- Directed by: Robert Mugge
- Written by: Robert Palmer
- Starring: Roosevelt Barnes; R. L. Burnside; Jessie Mae Hemphill; Big Jack Johnson; Junior Kimbrough; Booker T. Laury; Jack Owens; Lonnie Pitchford; Bud Spires;
- Cinematography: Erich Roland
- Edited by: Robert Mugge
- Distributed by: Tara Releasing
- Release date: 1 April 1992;
- Running time: 91 minutes
- Country: United Kingdom
- Language: English

= Deep Blues: A Musical Pilgrimage to the Crossroads =

Deep Blues: A Musical Pilgrimage to the Crossroads is a British documentary film, released in 1991, and made by music critic and author Robert Palmer and documentary film maker Robert Mugge, in collaboration with David A. Stewart and his brother John J. Stewart. The film provided insight into the location, cast and characteristics of Delta blues and North Mississippi hill country blues. Filming took place in 1990 in Memphis, Tennessee, and various North Mississippi counties. Theatrical release was in 1991 and home video release in the United Kingdom, the next year, as was a soundtrack album. A United States consumer edition came in 2000.

Stewart initiated and financed the project, inspired by Palmer's 1981 book of the same name.
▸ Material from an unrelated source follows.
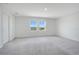 Spacious bedroom featuring neutral carpet, a closet and two windows offering neighborhood views at 2170 Derwent Dr, Davenport, FL 33896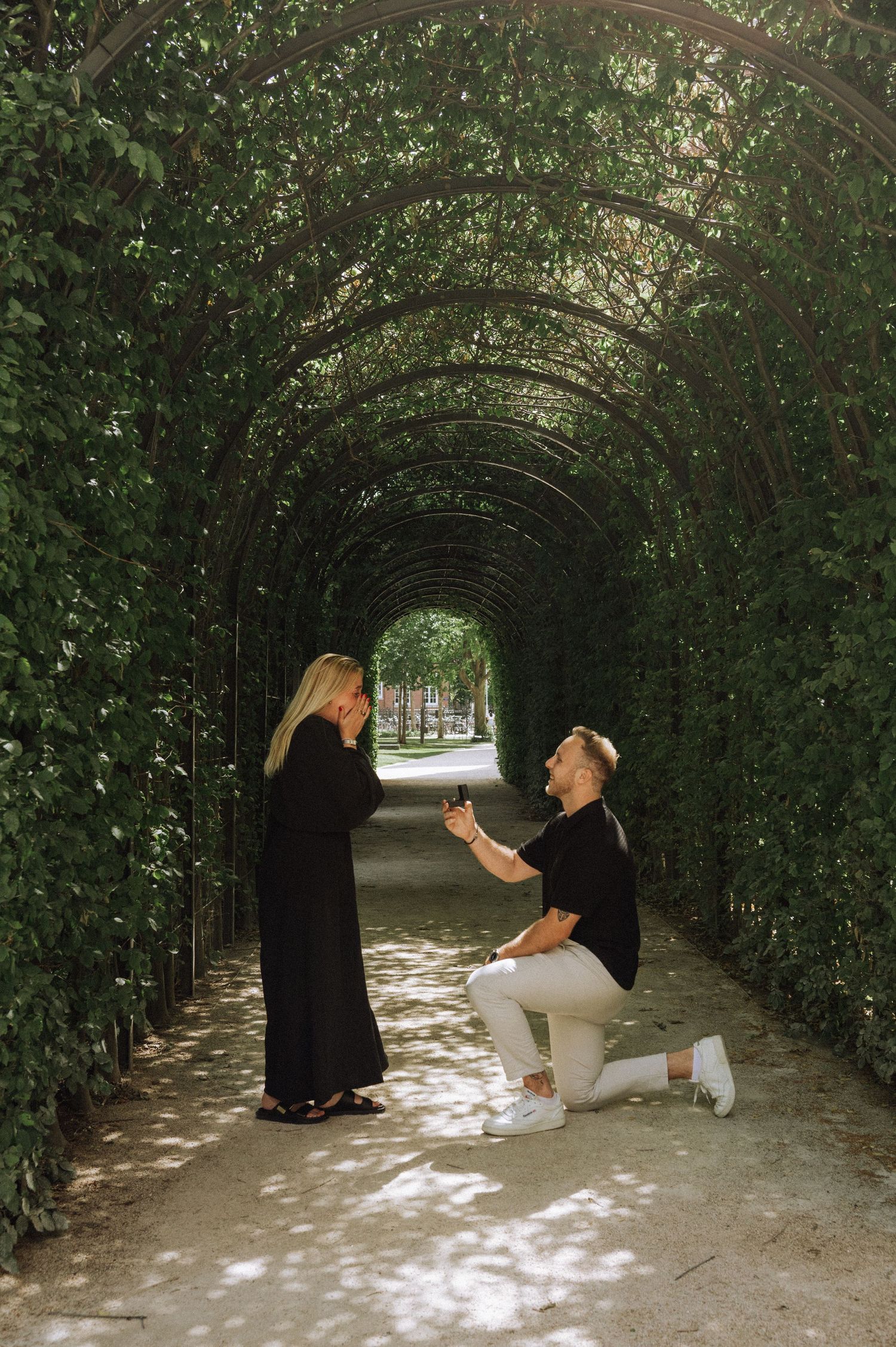 Romantic couple in the Rijksmuseum Gardens after their secret proposal in Amsterdam.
Palmer provided many of the insights into the background and history of the blues, as a guide to Stewart and the film narrator.

==Musicians==
Musicians appearing in the film are: Roosevelt Barnes, R. L. Burnside, Jessie Mae Hemphill (with Napoleon Strickland and Abe Young), Big Jack Johnson, Junior Kimbrough (with Little Joe Ayers and Calvin Jackson), Booker T. Laury, Jack Owens, Lonnie Pitchford, Bud Spires and Wade Walton, The film revitalized the recording career of some of the musicians.